However, some Republicans in New York said they were not dropping their support for Santos.
Tom Zmich, a former congressional candidate in the neighboring 6th District, said Santos is a friend of his and “hasn’t done anything wrong, as far as legality wise.”
“He admitted he lied. And most Christian people believe in forgiveness. Maybe not forget, but move on,” he said. “Let’s see what happens.”
Santos campaign donors also described feeling shocked and betrayed by the revelations in recent days.
One significant campaign donor, who requested anonymity to speak freely about his experience with Santos, told CNN on Thursday that he had been connected with Santos after GOP Rep. Elise Stefanik of New York introduced them. “She asked me to talk to him when he first ran,” he told CNN.
This donor plans to speak with both Santos and Stefanik.
“I liked George,” he told CNN, but “I’ve got to confront him – I don’t need any skeletons in my closet.”
Stefanik’s office did not respond to CNN’s request for comment.
Although the donor initially “sensed” that Santos came across as an “embellisher,” the donor believed that Santos’ “heart was in the right place.” Santos allegedly told this donor that he worked at Goldman Sachs and would “always talk about the big deals he’d done.”

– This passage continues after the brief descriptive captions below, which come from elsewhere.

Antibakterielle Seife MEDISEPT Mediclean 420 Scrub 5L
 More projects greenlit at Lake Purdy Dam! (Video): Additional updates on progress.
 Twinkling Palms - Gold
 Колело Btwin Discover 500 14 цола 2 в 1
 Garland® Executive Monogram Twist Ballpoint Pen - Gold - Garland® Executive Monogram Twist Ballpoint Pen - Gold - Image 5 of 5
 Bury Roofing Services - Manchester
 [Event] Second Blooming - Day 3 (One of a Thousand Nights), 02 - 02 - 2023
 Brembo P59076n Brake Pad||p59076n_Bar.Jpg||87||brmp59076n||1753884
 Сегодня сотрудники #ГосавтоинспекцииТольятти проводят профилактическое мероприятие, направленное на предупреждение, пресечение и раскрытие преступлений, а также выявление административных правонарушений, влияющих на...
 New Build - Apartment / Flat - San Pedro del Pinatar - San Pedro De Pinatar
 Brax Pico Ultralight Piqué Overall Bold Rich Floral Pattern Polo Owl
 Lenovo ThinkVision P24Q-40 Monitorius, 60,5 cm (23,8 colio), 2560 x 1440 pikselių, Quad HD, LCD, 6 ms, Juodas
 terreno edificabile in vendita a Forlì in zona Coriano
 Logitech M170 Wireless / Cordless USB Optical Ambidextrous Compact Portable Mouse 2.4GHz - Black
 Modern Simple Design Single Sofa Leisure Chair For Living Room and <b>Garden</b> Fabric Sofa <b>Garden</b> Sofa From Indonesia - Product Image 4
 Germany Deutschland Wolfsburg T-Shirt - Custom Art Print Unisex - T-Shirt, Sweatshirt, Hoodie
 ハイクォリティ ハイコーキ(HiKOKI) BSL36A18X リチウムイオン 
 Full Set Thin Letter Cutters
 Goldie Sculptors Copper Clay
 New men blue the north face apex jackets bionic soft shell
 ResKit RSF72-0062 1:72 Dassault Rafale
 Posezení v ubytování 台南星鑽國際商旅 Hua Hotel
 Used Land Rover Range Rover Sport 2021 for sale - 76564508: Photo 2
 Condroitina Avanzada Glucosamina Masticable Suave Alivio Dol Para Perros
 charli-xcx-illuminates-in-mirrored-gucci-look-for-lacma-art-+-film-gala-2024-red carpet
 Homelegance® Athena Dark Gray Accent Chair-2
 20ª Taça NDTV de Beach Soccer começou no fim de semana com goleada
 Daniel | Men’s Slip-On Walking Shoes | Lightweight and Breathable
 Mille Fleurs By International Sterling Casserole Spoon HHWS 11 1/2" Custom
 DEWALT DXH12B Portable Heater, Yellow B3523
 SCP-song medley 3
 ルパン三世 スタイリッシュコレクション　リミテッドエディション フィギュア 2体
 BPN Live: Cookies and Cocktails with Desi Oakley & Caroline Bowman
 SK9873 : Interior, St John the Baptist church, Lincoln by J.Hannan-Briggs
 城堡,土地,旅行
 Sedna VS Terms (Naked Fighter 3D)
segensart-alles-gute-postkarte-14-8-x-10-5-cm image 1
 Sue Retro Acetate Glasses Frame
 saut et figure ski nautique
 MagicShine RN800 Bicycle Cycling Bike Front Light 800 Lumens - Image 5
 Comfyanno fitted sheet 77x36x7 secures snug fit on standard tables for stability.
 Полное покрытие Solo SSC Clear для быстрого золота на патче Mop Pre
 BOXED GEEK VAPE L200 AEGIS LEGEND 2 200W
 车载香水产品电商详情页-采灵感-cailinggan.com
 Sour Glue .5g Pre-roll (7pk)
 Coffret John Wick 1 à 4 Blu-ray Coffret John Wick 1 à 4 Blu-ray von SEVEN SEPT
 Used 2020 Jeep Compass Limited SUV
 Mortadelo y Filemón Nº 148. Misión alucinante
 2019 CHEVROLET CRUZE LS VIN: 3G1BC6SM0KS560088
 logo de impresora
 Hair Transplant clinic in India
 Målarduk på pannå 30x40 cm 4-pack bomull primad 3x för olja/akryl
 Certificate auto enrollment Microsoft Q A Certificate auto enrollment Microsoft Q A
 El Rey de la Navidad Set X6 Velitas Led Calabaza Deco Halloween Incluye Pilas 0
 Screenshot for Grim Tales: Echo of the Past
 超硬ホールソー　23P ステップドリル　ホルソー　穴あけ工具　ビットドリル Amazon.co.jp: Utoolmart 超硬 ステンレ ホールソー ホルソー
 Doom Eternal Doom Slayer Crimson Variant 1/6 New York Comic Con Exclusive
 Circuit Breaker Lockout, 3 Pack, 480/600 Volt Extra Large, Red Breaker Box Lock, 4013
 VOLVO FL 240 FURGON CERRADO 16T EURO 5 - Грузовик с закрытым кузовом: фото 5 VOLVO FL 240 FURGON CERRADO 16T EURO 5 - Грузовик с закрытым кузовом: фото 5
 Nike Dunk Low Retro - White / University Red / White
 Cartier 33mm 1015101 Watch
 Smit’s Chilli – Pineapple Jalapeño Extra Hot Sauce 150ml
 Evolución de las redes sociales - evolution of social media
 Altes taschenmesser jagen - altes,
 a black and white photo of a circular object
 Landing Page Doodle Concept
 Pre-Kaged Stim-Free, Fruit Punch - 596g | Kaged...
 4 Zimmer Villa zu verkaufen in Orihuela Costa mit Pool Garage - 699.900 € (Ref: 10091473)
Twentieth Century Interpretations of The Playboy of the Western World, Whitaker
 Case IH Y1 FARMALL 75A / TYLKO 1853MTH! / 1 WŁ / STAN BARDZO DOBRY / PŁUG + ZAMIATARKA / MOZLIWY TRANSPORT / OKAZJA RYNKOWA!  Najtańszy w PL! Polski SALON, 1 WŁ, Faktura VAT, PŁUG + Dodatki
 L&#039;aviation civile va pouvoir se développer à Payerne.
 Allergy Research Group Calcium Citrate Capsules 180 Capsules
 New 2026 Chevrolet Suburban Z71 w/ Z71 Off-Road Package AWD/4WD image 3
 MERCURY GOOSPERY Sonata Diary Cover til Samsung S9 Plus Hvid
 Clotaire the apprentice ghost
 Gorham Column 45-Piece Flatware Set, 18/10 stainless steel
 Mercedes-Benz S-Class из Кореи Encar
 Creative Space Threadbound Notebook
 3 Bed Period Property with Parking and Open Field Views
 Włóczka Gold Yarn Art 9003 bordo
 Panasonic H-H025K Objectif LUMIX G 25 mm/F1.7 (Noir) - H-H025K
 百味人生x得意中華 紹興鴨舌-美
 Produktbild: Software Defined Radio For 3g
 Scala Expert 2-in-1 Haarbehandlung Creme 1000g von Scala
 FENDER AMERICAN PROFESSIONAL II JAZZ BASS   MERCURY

Another person who interacted with Santos at fundraising events told CNN that when he met Santos, he “thought he was a little fake-it-till-you-make it guy. … He was making these claims like he was a financial whiz.”
This person, who also requested anonymity to speak freely about Santos, told CNN he has been in contact with the representative-elect, and shared text messages from December 22 in which Santos claimed he has been in touch with the Office of Congressional Ethics.
“I’ve been in touch with the office of congressional ethics and anything they want they have,” Santos told the person in a text message shared with CNN.
It is unclear whether Santos has been in touch with the Office of Congressional Ethics, and if so, who initiated the contact. Santos made the comment in an exchange in which he appeared to be trying to assuage a concerned donor.
CNN has reached out to the OCE requesting confirmation. The office investigates complaints from the public and could refer the matter to the House Ethics Committee – potentially the first step toward a congressional investigation of Santos.
Santos’ office has not responded to CNN’s repeated requests for comment.
Another campaign donor, who similarly requested anonymity to speak freely, told CNN on Friday that she “of course is shocked” following the news of the congressman-elect’s alleged deception and feels “betrayed and lied to.”
The donor explained that she had supported Santos because he was the frontrunner in her local race, and, “I had no reason to think that he would have done what he did.”
“I usually have fairly good instincts, but he was just good at this!” she told CNN.
She said she doesn’t understand why he would make up these claims.
“It is one thing to embellish, and the work experience alone doesn’t disturb me as much,” she said. “But to make up heritage – that is unspeakable.”